Lately there has been a lot of media chatter around the new federal immigration reform bill, and just yesterday the Senate passed it, yet it faces a big hurdle in the House—if it goes to a vote at all. As we publish this piece, it’s expected that it may not even go up for a vote, with the House instead crafting their own version. However it washes, the possibilities affects 12 to 20 million undocumented workers in the United States. What does this mean for businesses and franchises?
According to Crain’s New York Business, the new program to be established by the bill would bring thousands of workers to businesses and franchises. While big business, which needs more tech-savvy employees, has pushed hard for the bill to increase the number of H1-B visas, franchisees have pushed for the bill’s W-Visa program, which would welcome more low-skilled immigrants.
The W-Visa program provides temporary visas for less-educated workers. The visas are meant to ensure an adequate workforce is available in areas where jobs don’t require a college degree. They are also renewable and allow families to enter the country. Recently there has been a high demand for these services and has led to businesses hiring 11 million undocumented immigrants. This causes a common problem since employers may take advantage of these workers by paying below minimum wage, and the bill would change this.
One of the biggest issues with immigrants gaining their work visas is the difficult and lengthy application process. There are a number of proposed changes to reduce wait times and increase the availability of visas for skilled workers, which are currently in high demand in the U.S. According to Scott Legal Services Inc., the current immigration system sets a cap on the total number of visas issued by category (EB-1 through EB-5) and then further limits this by country. For example, country-specific limits on employment-based immigrant visas have caused significant wait times (in excess of 10 years) for some applicants from countries like China and India. If the bill becomes law, the wait time would be eliminated and would present an opportunity for employment-based green cards for applicants from these two and other countries, which in the past has been extremely difficult.

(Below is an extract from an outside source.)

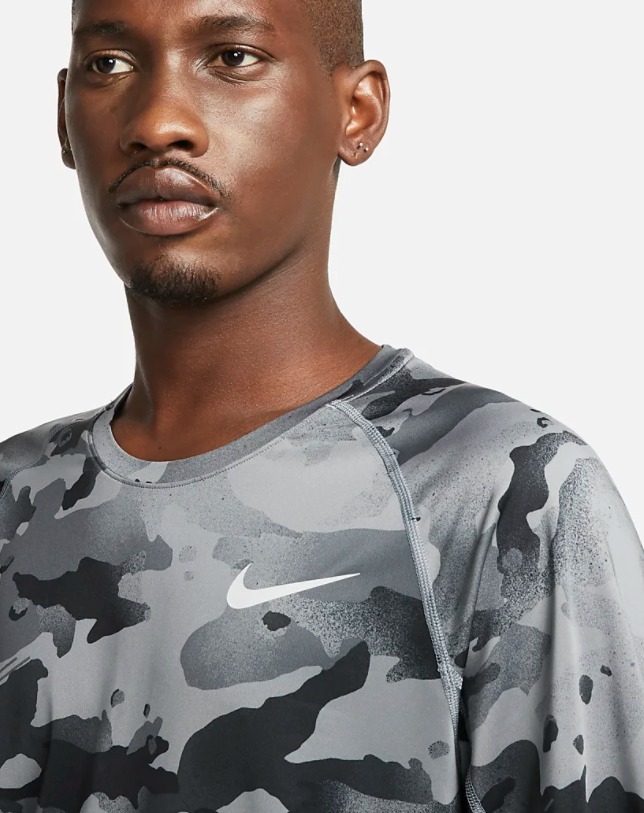 家の中でも大活躍☆最新☆迷彩柄Tシャツ☆Nike Pro☆選べる4色 (Nike ...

There is also discussion of a new immigration proposal which would create a new green card merit system. People will be accumulating points based on their family ties, education, employment, and other qualifications. The higher the score, the better the chances are for getting a green card.
Many concerns people have with the reform is a fear of not knowing if their workers are legal. The U.S. Citizenship and Immigration Services (USCIS) has partnered with the Social Security Administration (SSA) to operate an Internet-based system called E-Verify. E-Verify provides an automated link to federal databases to help employers determine employment eligibility of new hires and the validity of their Social Security numbers. The new bill will expand E-Verify and make it mandatory for employers to utilize.
“The bill looks really good to us,” said Jay Perron of the International Franchise Association at a discussion of immigration reform. “It provides a pathway to citizenship for a lot of the folks that are here illegally, which is important because it provides workers to all the franchise systems out there.”